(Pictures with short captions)
○ ○ ○ ○ ○
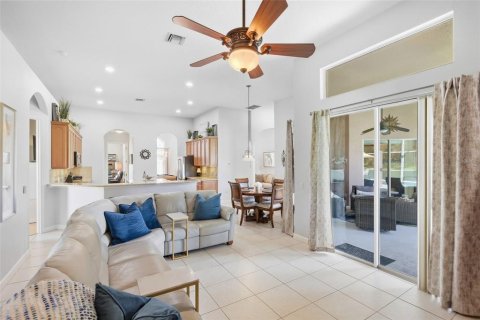 Villa ou maison à vendre à Kissimmee, Floride: 4 chambres, 254.65 m2 № 2403230 - photo 18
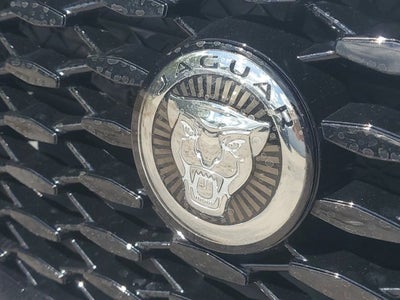 2024 Jaguar XF R-Dynamic SE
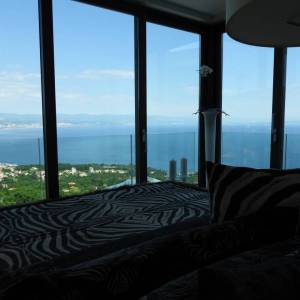 OPATIJA, LOVRAN - luksuzna vila s predivnim pogledom na more, bazenom i okućnicom površine 500m2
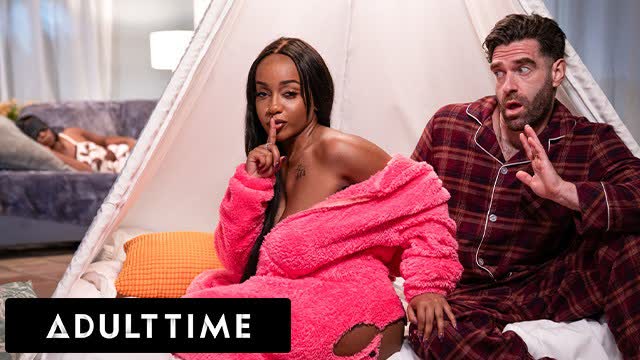 Karısının İş Yerinden Zenci Arkadaşıyla Sikişen Çapkın Adam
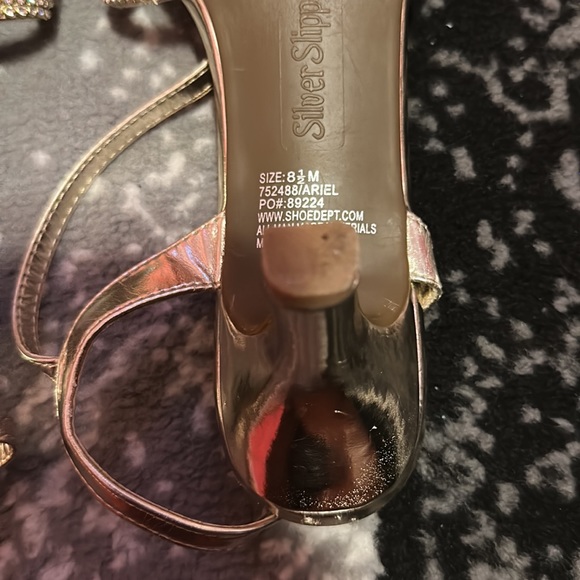 SILVER SLIPPER HEELS - Picture 5 of 6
○ ○ ○ ○ ○
_Task details:_ Each line above is to be copied verbatim. Drop any image from the copy.

_Worked solution:_
 Villa ou maison à vendre à Kissimmee, Floride: 4 chambres, 254.65 m2 № 2403230 - photo 18
 2024 Jaguar XF R-Dynamic SE
 OPATIJA, LOVRAN - luksuzna vila s predivnim pogledom na more, bazenom i okućnicom površine 500m2
 Karısının İş Yerinden Zenci Arkadaşıyla Sikişen Çapkın Adam
 SILVER SLIPPER HEELS - Picture 5 of 6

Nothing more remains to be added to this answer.